In other words, I set out on a quality-of-life quest and ended up in Sonoma County.  Here, shortly after arriving, I struggled to withdraw from the state of being where world-famous classical musicians, opera stars, ballet performers, photographers, movie-stars, poets, jazz greats, rock stars, folksingers, museum displays, surfing safaris, shopping boulevards were minutes away, where food, merchandise, entertainment and fashion were readily available around the clock.
 

Sonoma State College was the first name of Sonoma
State University.  This photo was taken before
any landscaping.  Students called it San Quentin North.

I enrolled in the local university, called Sonoma State College at the time, where I happened upon, among the litany of general education courses required for a liberal arts degree, a cultural geography course that surveyed the series of steps a spot on the Earth goes through in its evolution from bare land, agricultural beginnings and mercantile establishments to city center and cultural identity and, finally, to individual identity.  After that, I looked at Sonoma County differently because, unlike LA, where older sections of town were those over 20 years, I realized that I was able to look around me and see the living history of that evolution of culture in smaller towns, separated from each other by miles of agricultural stewardship, a county where Spain had sent one of its prized generals to create the new California over a hundred years before I was born.

I could see the symbiotic importance of the dairies, wineries, orchards, pastures filled with sheep and beef cattle, farms, poultry-keepers, bee-keepers and apple-processors, all sorts of agricultural enterprises, to the communities and the connectedness of the communities to the local artists and managers of the land.  The symbiosis was palpable to a student of anthropology or Zen, but, at the same time, was so natural here that it mostly went unnoticed as water does to a fish.

HOW CITTASLOW BEGAN

The post WW-2 times lured most of the Western world into super-industrialization and began to weave technology into the everyday lives of citizens around the world.  Parts of cities everywhere began to look like those counterparts in cities everywhere else as chain-store consciousness blossomed and corporate agribusiness invented itself, carrying the lessons of business learned in big cities back out the land and those in charge of its husbandry. 

The image has become commonplace of small armies of air conditioned combines marching through fields of grain at harvest time automatically doing by machine power in minutes what centuries ago took thousands of people several days.  Technology has changed the vision in all of us of what we can do with our world, how we post WW-2 citizens manage the symbiosis of rural and urban.
 

It is a stretch of consciousness beyond anything believed possible by any citizen alive in the 15th century, for example, to envision a farmer harnessing his work animals to plow the earth and simultaneously envision the many rotations of the wheels of history that have led to tractor technology in farmers’ fields today.  Just as there have been social movements in response to such things as the clear-cutting of mahogany forests in Southeast Asia, mutilation of elephants for their tusks, alligators for purses and shoes, clear-cutting and strip-mining along the Amazon, and the many others that come to mind, a kind of movement favoring natural, local grown food and environmentally-friendly manufactured products has woven its way into our daily lives that began with students of the 60’s wanting organic, macrobiotic diets and led all the way to today’s more generally organic attitude, not restricting the adjective “organic” to foodstuffs, but extending into clothing, bedding, construction materials, personal relationships, you name it.

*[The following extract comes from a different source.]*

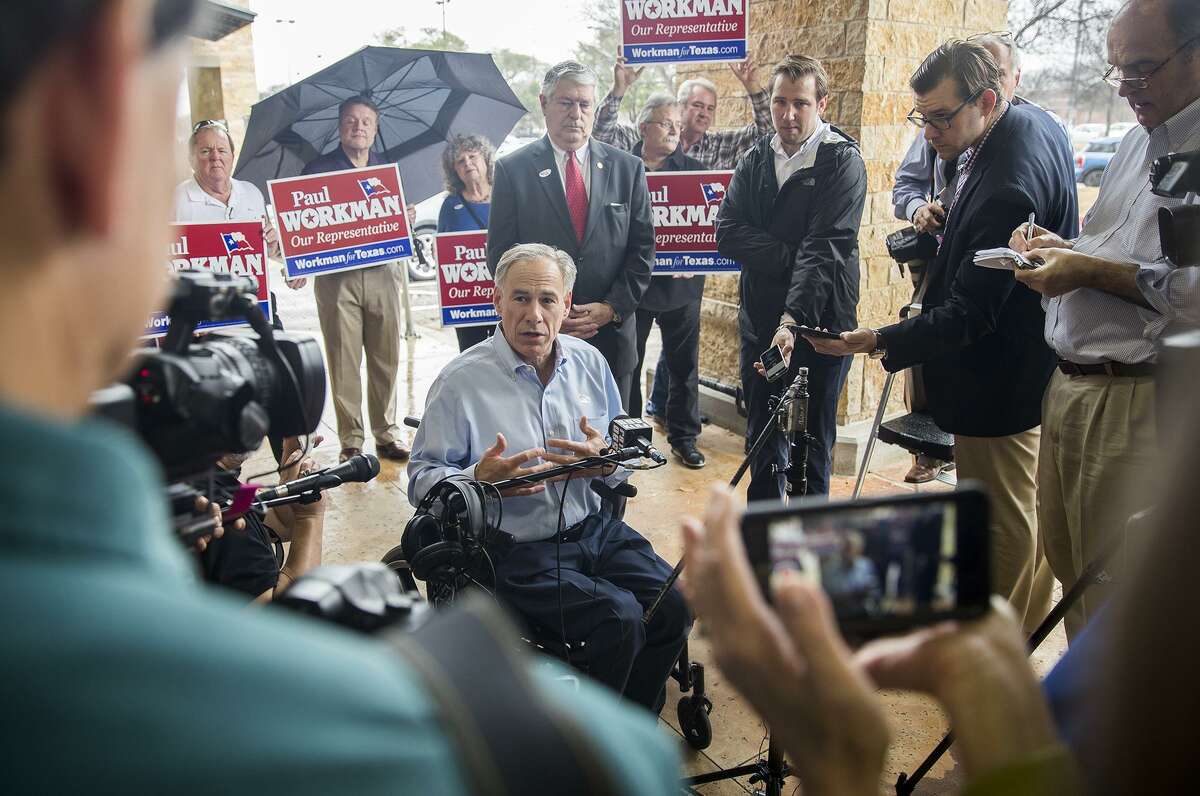Gov. Greg Abbott and Rep. Paul Workman answers questions from the local News Media after they made their way to Randalls supermarket to cast their early voting ballot on Tuesday, Feb. 20, 2018. RICARDO B. BRAZZIELL / AMERICAN-STATESMAN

Evidence of this new organic attitude can be found in department stores, corporate supermarkets, hotels with all natural bed linens, to name a few obvious ones.  In fact, the attitude has become assimilated into many of our governing bodies through (a) enforcement strategies such as those used to insure food labeled “organic” really is, as well as (b) endorsement of and support for organizations dedicated to perpetuating and enriching the concepts of local and organic, of the small-town symbiosis of urban and rural.

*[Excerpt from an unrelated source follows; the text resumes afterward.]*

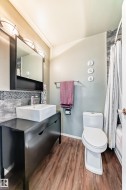Modern bathroom featuring a rectangular vessel sink, dark wood-finish vanity, wood-finish flooring, and a tiled shower surround - 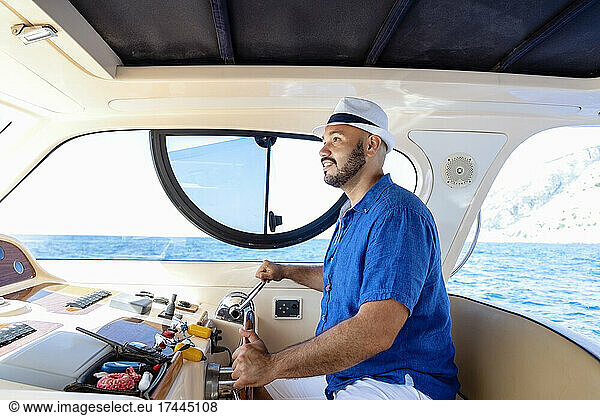 Man wearing hat driving motorboat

The city of Sebastopol has a working relationship with such organizations, one of which came from Italy where it was born in 1999, inspired by a movement spreading around the world for decades known as the Slow Food Movement, on whose web site “slow food” is explained this way:

“Slow Food is an idea, a way of living and a way of eating. It is part of a global, grassroots movement with thousands of members in over 150 countries, which links the pleasure of food with a commitment to community and the environment.”

A group of mayors of small towns in Italy met and, whether intending to or not, began a movement that has come to our part of the world as well.  It is explained by Tasha Beauchamp this way:

“The Cittaslow movement was started in Italy in 1999 when several mayors in Tuscany decided they wanted to apply the principles of the Slow Food movement to urban planning and commercial development in their towns. They developed the 6 Slow City priorities and began to proudly brand their towns as ‘Cittaslow’. Other mayors asked to participate and eventually they had requests from around the world as many small towns struggle to preserve their local culture while growing their economies in a sustainable manner.”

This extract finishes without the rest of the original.